What is retinopathy?
Diabetic retinopathy involves changes in the tiny blood vessels that nourish the retina at the back of the eye, which, if left untreated, can lead to serious vision problems. Within 20 years of diagnosis, nearly everyone with Type 1 diabetes and almost two thirds of people with Type 2 diabetes will have some degree of retinopathy.

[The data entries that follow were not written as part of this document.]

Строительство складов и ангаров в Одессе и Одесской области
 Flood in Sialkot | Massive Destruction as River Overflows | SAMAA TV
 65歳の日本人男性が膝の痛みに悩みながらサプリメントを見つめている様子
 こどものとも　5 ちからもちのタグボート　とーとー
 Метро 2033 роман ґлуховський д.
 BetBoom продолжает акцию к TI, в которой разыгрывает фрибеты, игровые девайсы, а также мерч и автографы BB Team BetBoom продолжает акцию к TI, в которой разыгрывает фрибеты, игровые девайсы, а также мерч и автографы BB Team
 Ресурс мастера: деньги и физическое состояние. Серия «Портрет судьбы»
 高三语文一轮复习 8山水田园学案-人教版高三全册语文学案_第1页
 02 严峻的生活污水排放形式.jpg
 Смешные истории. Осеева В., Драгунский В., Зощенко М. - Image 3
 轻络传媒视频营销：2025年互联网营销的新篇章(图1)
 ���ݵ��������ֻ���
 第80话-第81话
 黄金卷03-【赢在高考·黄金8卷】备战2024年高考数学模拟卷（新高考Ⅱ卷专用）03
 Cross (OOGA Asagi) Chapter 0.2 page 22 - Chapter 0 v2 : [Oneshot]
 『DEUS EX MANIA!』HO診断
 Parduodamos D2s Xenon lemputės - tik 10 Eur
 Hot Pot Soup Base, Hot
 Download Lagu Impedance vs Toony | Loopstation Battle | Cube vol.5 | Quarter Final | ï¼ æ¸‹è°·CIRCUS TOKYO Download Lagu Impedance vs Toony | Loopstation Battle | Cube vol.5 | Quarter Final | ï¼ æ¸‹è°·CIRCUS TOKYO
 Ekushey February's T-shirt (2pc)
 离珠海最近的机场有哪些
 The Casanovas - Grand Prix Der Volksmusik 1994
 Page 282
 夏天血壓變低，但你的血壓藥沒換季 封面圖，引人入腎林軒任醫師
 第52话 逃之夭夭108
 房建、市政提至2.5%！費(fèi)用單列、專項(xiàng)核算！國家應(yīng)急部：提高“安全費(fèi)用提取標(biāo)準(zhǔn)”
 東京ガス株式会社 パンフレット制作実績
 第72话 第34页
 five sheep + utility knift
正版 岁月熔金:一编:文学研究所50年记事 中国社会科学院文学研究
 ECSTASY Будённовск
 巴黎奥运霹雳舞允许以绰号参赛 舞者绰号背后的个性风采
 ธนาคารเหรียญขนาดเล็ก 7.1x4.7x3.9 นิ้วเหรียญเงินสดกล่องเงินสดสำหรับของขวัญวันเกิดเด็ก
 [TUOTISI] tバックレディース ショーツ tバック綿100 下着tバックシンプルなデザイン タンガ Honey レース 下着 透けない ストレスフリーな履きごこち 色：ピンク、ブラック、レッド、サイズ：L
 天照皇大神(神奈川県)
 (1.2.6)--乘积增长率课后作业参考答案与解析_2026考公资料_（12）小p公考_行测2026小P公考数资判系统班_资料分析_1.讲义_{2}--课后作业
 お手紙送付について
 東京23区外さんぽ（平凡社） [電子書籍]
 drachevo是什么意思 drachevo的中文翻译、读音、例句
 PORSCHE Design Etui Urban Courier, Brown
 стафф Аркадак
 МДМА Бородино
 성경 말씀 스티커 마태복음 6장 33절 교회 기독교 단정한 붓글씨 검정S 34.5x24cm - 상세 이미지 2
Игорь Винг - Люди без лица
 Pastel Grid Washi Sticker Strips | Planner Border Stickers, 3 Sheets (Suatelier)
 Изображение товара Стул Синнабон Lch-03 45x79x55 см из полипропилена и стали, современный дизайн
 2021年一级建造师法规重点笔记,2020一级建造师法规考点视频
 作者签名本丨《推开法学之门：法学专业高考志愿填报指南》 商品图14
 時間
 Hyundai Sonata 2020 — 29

As a result, diabetes is the leading cause of blindness among UK people of working age. Find out more about retinopathy in our Guide to diabetes.
Early screening is vital
In 1986 Diabetes UK supported a trial at Newcastle University to see if a retinal camera could be used to screen the eyes of people with diabetes for retinopathy. To make screening more accessible, the camera was set up in the back of an ambulance, which could visit diabetes clinics and screen up to 48 people a day.
The trial was incredibly successful. It helped lead to a national eye screening programme and, as of 2010, retinopathy is no longer the leading cause of blindness among Newcastle’s working age population thanks to the work pioneered there.
We are currently funding a range of research projects that aim to both understand and treat the eye damage caused by diabetes.
Earlier detection of diabetic retinopathy using non-invasive imaging
Dr Ruth Hogg at Queen’s University Belfast
In recent years, new ways to image the blood vessels in the eye have been developed. OCT-A (optical coherence tomography angiography) is a new, quick, and non-invasive method that can be used to see very small blood vessels at the back of the eye. Currently, big blood vessels at the back of the eye are assessed in retinopathy tests – but the smaller blood vessels may be more vulnerable to damage.
Dr Hogg is investigating whether it is possible to detect retinopathy early on by looking at the very small retinal vessels using OCT-A. If successful, this method could transform the way retinopathy is currently detected by offering earlier diagnosis and treatment.
Banking on retinopathy research
Dr Marcus Fruttiger at University College London
Retinopathy is thought to arise because high levels of glucose in the blood damage the blood vessels in the eye. However, our understanding of how the condition progresses is incomplete. Dr Fruttiger has developed methods to study retinopathy in human eyes donated by patients after their death.
A large number of samples are needed to better understand retinopathy, so Dr Fruttiger is creating a tissue bank of donated eyes. The samples in the tissue bank will then be studied by looking at microscopic images of the cells in the eye to understand how retinopathy affects different eye regions. The tissue bank will be a valuable resource for further retinopathy studies, and understanding how the condition develops creates potential for new treatments.
Limiting damage in diabetic eyes
Dr Heping Xu at Queen’s University Belfast
Diabetic macular oedema (DMO) is a major cause of vision loss during diabetic retinopathy. DMO is caused by leakage of fluid from damaged blood vessels into the macula, a specific area in the retina at the back of the eye. A therapy that blocks a protein called VEGF is currently used as a treatment for DMO. However, this protein is also important for cell survival and function in the retina.
Dr Xu is concerned that long-term treatment of DMO might damage patient’s eyes. He is currently investigating the safety of the anti-VEGF therapy to understand which cells suffer the most damage from the therapy, and if the damage can be reversed by stopping the treatment. The results from this study will help to improve the long-term management of retinopathy.